- Born: May 27, 1930 Lethbridge, Alberta, Canada
- Died: December 25, 2016 (aged 86) Nelson, British Columbia, Canada
- Height: 5 ft 8 in (173 cm)
- Weight: 158 lb (72 kg; 11 st 4 lb)
- Position: Defenseman
- Played for: Lethbridge Maple Leafs Nelson Maple Leafs
- National team: Canada
- Playing career: 1948–1965
- Medal record
Men's ice hockey
| Gold medal – first place | 1951 Paris | Ice hockey |

= Jim Malacko =

Canadian ice hockey player

James I. Malacko (May 27, 1930 – December 25, 2016) was a Canadian ice hockey player with the Lethbridge Maple Leafs.

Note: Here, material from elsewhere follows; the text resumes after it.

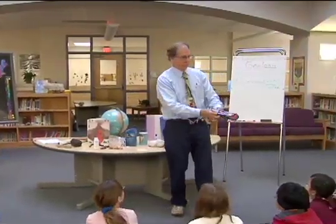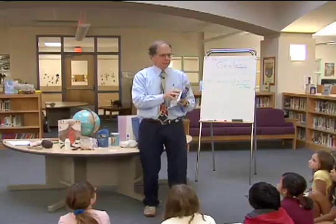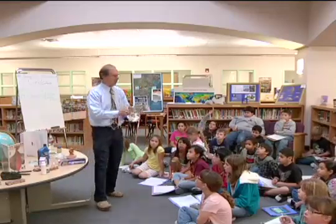Okay, what's this? This is aluminum foil, right? What is aluminum foil made out of? Metal.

Known as "Shorty", he was on the team which won a gold medal at the 1951 World Ice Hockey Championships in Paris, France.

The defenceman from Lethbridge started playing with the Lethbridge Maple Leafs in 1950 in a season which culminated with his team representing Canada and winning the gold medal at the World Amateur Hockey Championships in Paris, France in 1951, and where years later this team was inducted into the Alberta Sports Hall of Fame in 1974.

The team was dominant throughout, winning all six of its games, outscoring its opponents by a 62-6 margin to win the gold medal.

The Maple Leafs went on that same year to win gold at the Sir Winston Churchill Cup Competition, in London, England.

During their European tour, the team played 62 games, winning 51.

Malacko stayed in Europe after that big win, playing with the Harringay Racers in England and moving to Germany a year later to help that nation with its Olympic program for the 1952 Winter Games in Oslo.

A year later, Malacko returned to Canada, married, and settled in Nelson, where he went on to play senior hockey for 12 years with the Nelson Maple Leafs, including 1964-1965 season when their team made it to the Allan Cup finals before losing to the champion Sherbrooke Beavers.

After retiring as a player, he became the general manager and coach for the team and still later he was very influential in minor hockey in Nelson.

Malacko died on Christmas Day 2016 in Nelson, British Columbia, aged 86.